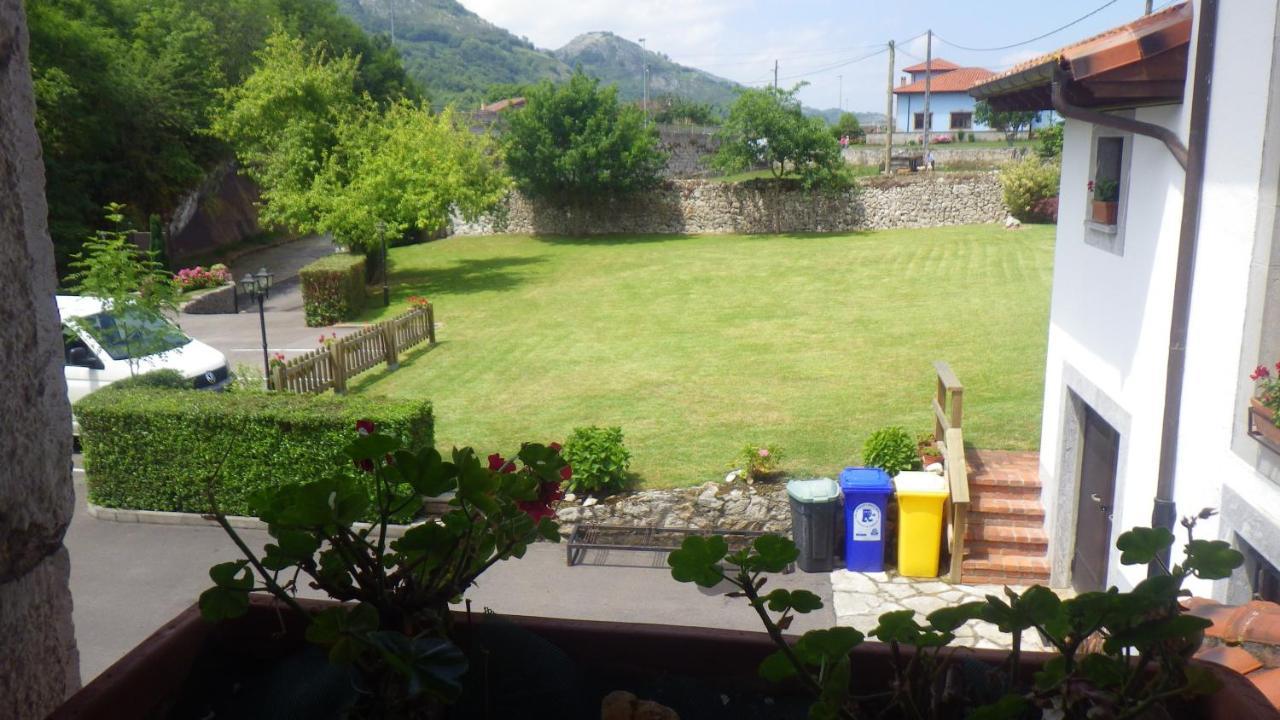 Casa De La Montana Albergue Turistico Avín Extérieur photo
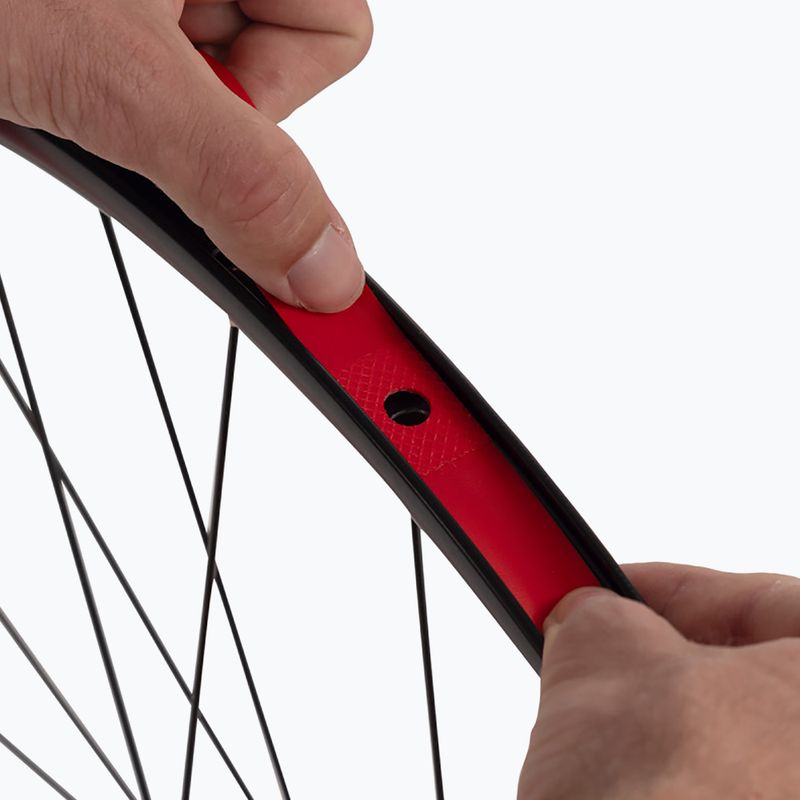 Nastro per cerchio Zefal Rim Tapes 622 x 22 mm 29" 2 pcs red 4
...
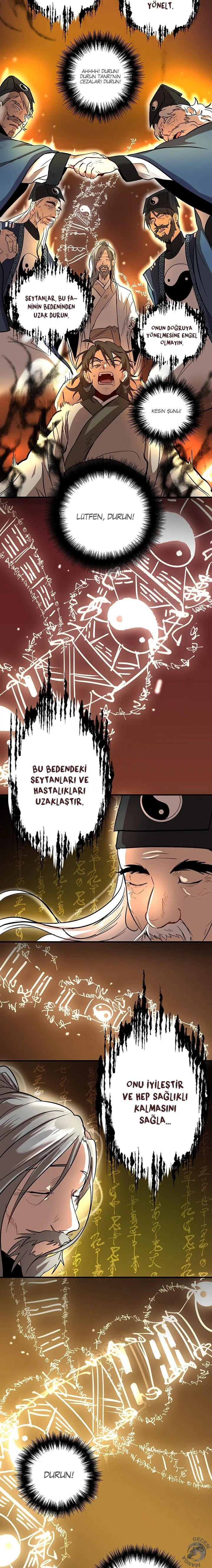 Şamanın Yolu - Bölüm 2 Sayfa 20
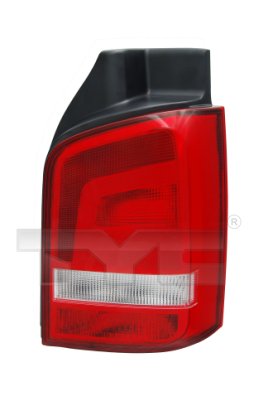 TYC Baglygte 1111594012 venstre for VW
...
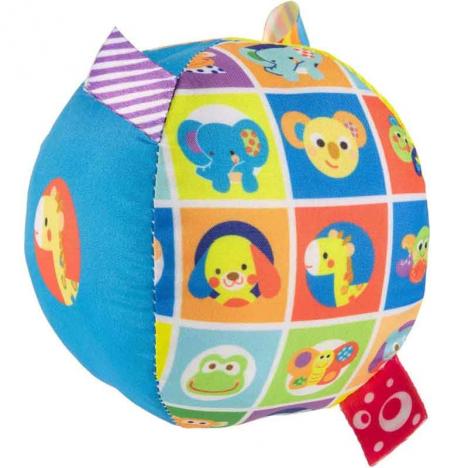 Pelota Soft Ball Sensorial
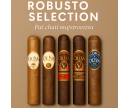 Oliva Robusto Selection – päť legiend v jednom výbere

(What the exercise asks)
Within the listing above, print exactly the stretch beginning at the line that contains "Casa De La Montana" and finishing at the line that contains "Nastro per cerchio", ends kept, pictures left out, and nothing more.

(Your solution)
 Casa De La Montana Albergue Turistico Avín Extérieur photo
 Nastro per cerchio Zefal Rim Tapes 622 x 22 mm 29" 2 pcs red 4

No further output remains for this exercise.